The developments in the Etan Patz case could prompt the public to take a fresh look at photos of Jhessye and other high-profile missing children and maybe, just maybe, remember a crucial detail.
As for Etan, his disappearance marked a moment in U.S. history when parents realized their children were not as safe as they once suspected. There were missing-children cases long before Etan's. But the crushing details -- he disappeared while walking to school the very first time he was allowed to do so without his mother -- shook the country to its core.
New York City prosecutors Friday filed second-degree murder charges against Pedro Hernandez, who stepped forward after years of silence to confess to luring the boy into a bodega basement and then killing him, disposing of his body in the trash. Law enforcement officials were proceeding cautiously, trying to determine whether the man is indeed telling the truth.
Hernandez's court appearance took place on the 33rd anniversary of Etan's May 25, 1979, disappearance.
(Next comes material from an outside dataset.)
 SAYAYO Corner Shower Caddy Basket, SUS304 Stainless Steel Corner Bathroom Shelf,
That day was also National Missing Children's Day, a designation ushered in by President Reagan to remind Americans of the plight of missing children.
Although law enforcement officials have weathered some criticism for their handling of the case, Allen told The Times that the parents of many missing children feel admiration for them.
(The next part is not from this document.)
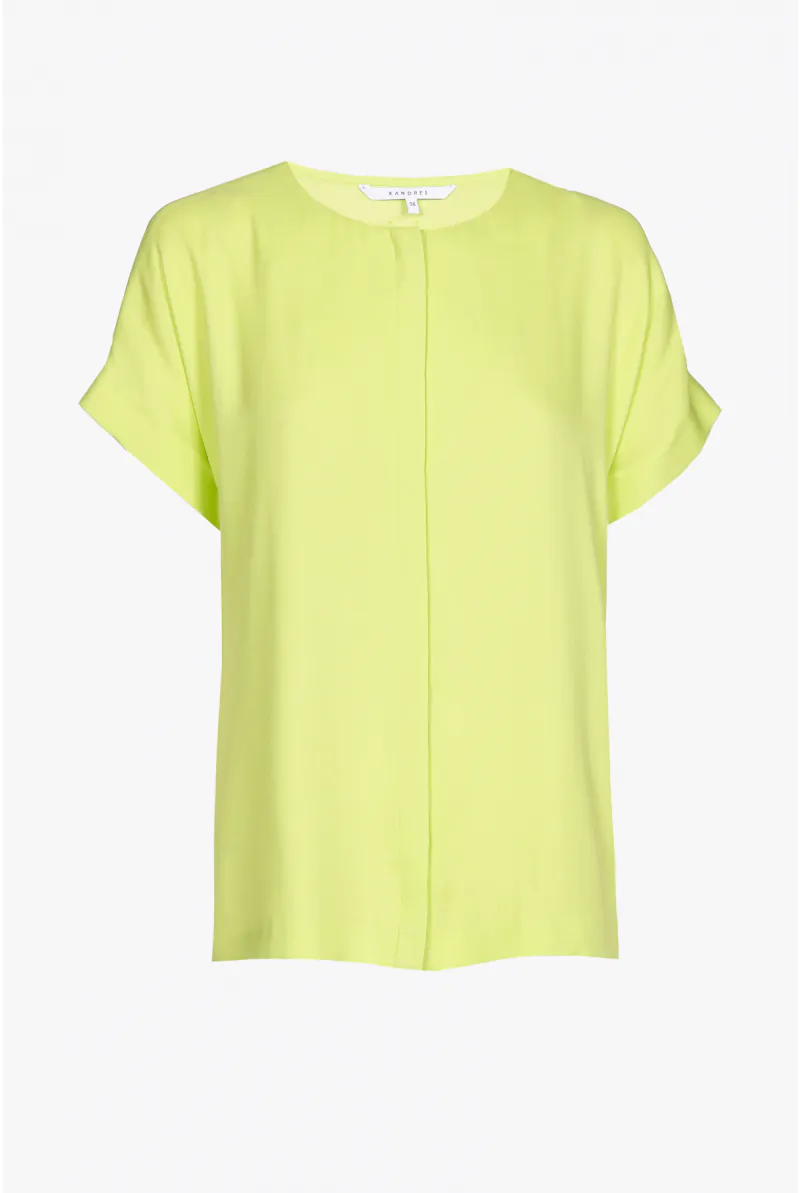 Xandres Blouse Avec Fermeture Invisible 14287-02-4550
"I think it is remarkable and really cause for praise that last month the NYPD and the FBI were [pursuing another tip in the Etan case] digging up a basement for a child who disappeared 33 years ago, and now this. It sends a loud and clear message that 'we don't stop until the child is found.' Many parents appreciate that.'"
He added: "Wherever this goes, and whether this is the real solution or not, it brings this family closer to answers. The worst part of this is the not knowing. Many parents would rather know the tragic facts than have to live in this limbo of not knowing."